Началом нигилизма, оспорившего спекулятивный ум, явился античный кинизм, верно оцененный Петером Слотердайком в качестве скептической реакции на учение Платона об «эйдосах» [123] . Нигилизм, не доверявший, вразрез с кинизмом, сенсорному опыту, распространяется после возникновения христианства, выражая себя в гностических сектах и у Плотина в неприятии всего материально-низкого, земного. Обе эти версии нигилистического мировоззрения будут затем, модифицируясь, чередоваться по ходу социокультурной истории. Так, «деидеализирующий» нигилизм найдет себе продолжение у шестидесятников-позитивистов XIX века, абсолютизировавших полезный и целесообразно организованный труд, которому они предназначали быть спасением от пустой растраты интеллектуальных сил. Знаменательно, что один из самых талантливых публицистов этого поколения, Писарев, несмотря на свой антиавторитарный пафос, призывал читателей статьи «Реалисты» (1864) не забывать «старика Диогена» [124] . Отрицание того, что Слотердайк называет «высокой теорией», достигает во второй половине XIX века уровня самосознания, которое нуждается, зная своe происхождение, в собственном имени и отыскивает его в уже ранее (в эпоху романтизма) пущенном в оборот термине «нигилизм» [125] . С наступлением символизма «деидеализирующий» нигилизм уступает место «деонтологизирующему», в частности, в названных выше сочинениях Минского, где феноменальная действительность объявляется «мэонической».

2.

Приравнивая семантическое содержание художественных текстов к незначащему для конституирования искусства «материалу», формализм в опоязовской редакции возобновлял «деидеализирующий» нигилизм после того, как тот потерял актуальность у символистов. Это возрождение сопровождалось, однако, далеко заходящим трансформированием традиции, заложенной кинизмом. Aнтичный протест против засилья спекулятивных построений воплощался поведенчески – в дерзких действиях, на которые отваживались киники (а если и в высказываниях, то близких к перформативам). Последующее развитие идущей отсюда линии, запечатлевшись дискурсивно, не было свободно от противоречивости: идеократия опровергалась в идейных же продуктах (пусть шестидесятников позапрошлого столетия и манил к себе бунт, пусть они и хотели бы увенчать свою деятельность в action directe).
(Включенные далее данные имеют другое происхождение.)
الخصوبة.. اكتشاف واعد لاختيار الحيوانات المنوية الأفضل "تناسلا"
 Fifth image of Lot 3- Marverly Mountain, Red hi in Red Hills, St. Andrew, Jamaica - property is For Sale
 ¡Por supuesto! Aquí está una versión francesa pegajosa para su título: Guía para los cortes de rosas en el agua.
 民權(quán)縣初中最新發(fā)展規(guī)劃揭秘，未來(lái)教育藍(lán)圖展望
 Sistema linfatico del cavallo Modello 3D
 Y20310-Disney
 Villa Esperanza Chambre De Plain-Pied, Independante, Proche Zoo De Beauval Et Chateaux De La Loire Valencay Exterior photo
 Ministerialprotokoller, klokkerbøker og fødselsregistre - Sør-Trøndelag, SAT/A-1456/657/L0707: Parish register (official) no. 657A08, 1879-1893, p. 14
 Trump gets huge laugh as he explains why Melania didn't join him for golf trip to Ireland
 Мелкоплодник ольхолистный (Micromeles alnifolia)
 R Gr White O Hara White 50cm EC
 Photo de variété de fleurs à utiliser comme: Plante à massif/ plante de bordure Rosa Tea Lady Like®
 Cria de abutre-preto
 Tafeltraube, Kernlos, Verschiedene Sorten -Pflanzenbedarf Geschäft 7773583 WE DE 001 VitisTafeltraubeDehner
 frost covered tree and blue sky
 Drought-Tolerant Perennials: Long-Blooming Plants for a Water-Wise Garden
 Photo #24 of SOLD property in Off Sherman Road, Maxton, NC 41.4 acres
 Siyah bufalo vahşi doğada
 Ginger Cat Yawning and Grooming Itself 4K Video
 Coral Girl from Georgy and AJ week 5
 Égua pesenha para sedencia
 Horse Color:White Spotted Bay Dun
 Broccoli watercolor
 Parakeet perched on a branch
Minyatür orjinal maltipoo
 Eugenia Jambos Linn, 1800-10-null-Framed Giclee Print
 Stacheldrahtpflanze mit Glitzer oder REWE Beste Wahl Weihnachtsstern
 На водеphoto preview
Формализм устранил такого рода противоречивость посредством того, что техницизировал сам умственный продукт, придав ему черты ремесленного изделия. Сконцентрировав научное внимание на воображении в его наиболее очевидном проявлении, на художественном творчестве, члены ОПОЯЗа старались показать, что фикциональность даже во всей своей несомненности – это не интеллектуальная конструкция, а результат умения, навыка или реализация возможностей, заложенных в способности человека к общению, в языке. В опоязовском исполнении нигилизм обнажил свою операциональность. «Деидеализирующее» отрицание перестало фундировать себя как отправляющееся от чувственного восприятия и социофизической среды, утратило субстaнциальность, сделалось структурным, совершаясь внутри текстового мира. Снимая парадоксальность, свойственную отрицанию мыслимого мыслящим и оставляющую вот уж воистину смешанное впечатление, формализм раскрыл ту знающую только единицы и нули строго двузначную логику, которая пряталась в глубине нигилизма в любом его изводе.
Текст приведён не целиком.